As Chairman of the Remuneration Committee ("the Committee") and on behalf of the Board of Directors I am pleased to present our Board report on remuneration, based on the policy and disclosure requirements on directors' remuneration, as required by the Large and Medium-sized Companies and Groups (Accounts and Reports) (Amendment) Regulations 2013 ("the Regulations").
Last year saw significant change to the public disclosure of remuneration for executive directors. At the 2014 AGM, Bodycote put forward its Remuneration Policy for a binding shareholder vote and received overwhelming support, with 96% of shareholders voting in favour of our policy.
Consistent with last year, this report consists of two sections. The first part (Section A) summarises the policy of the Board with regard to the remuneration of the directors and is a re-statement of the Remuneration Policy that was approved at the 2014 AGM. The second part (Section B) describes how the policy was implemented in 2014 and how it will be implemented in 2015. Section B will be subject to an advisory vote.

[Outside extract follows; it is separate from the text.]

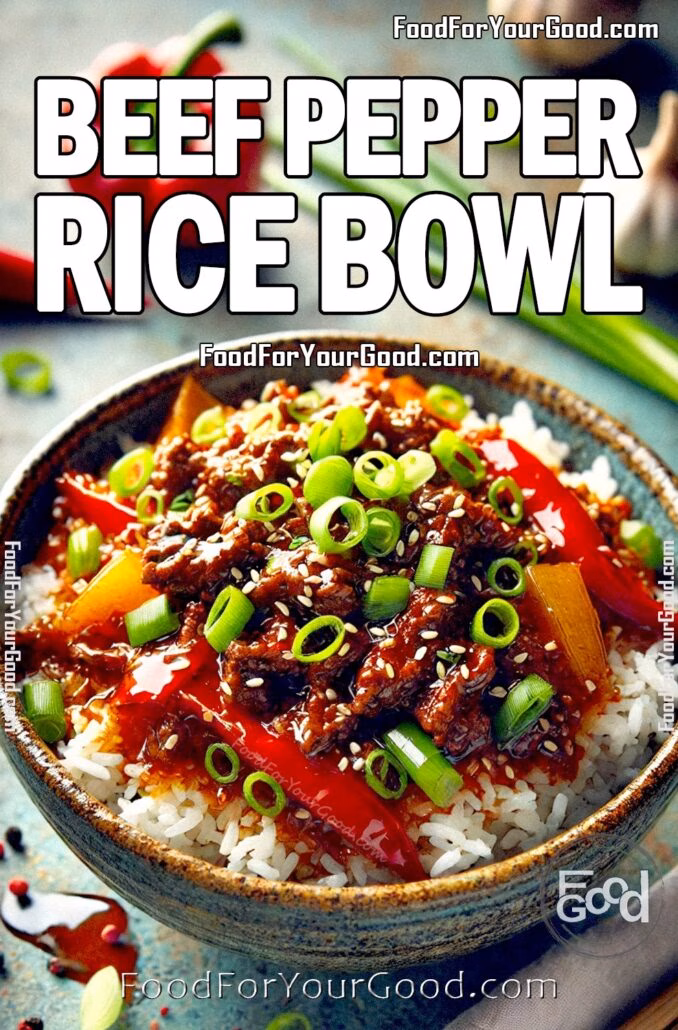 Beef Pepper Rice Bowl Delicious Beef Pepper Rice Bowl with tender beef, red and green bell peppers, and jasmine rice, coated in a savory sauce and garnished with fresh green onions. Recipe available on FoodForYourGood.com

It is intended that Section A will be put forward to shareholders again at the 2017 AGM and Section B will continue to be put to the AGM each year on an advisory basis.
2014 performance and remuneration outcomes
2014 has been another successful financial year for Bodycote. While Group revenue decreased by 1.7%, there was an increase of 4.0% at constant exchange rates. Headline operating profit grew by 3.4% and headline earnings per share increased by 6.3% in 2014, compared to an indicative increase of 3.9% in the FTSE 250 as a whole.
2014 base salary increases for the Executive Directors in the year were 3.0% for the Group Chief Executive and 3.0% for the Group Finance Director. These increases compare to average 2014 salary increases across the Group of 2.9%.
Annual bonuses for the Executive Directors, which are based on a mix of Group headline operating profit, Group headline operating cash flow and personal strategic objectives, paid out at 94.3% and 71.1% of base salary for the Group Chief Executive and Group Finance Director respectively (equivalent to 72.5% and 71.1% of maximum opportunity).
Awards under the Co-investment Plan (CIP) made in May 2011 vested in May 2014 at 100% of maximum based on absolute Total Shareholder Return (TSR) growth in the three financial years ending April 2014.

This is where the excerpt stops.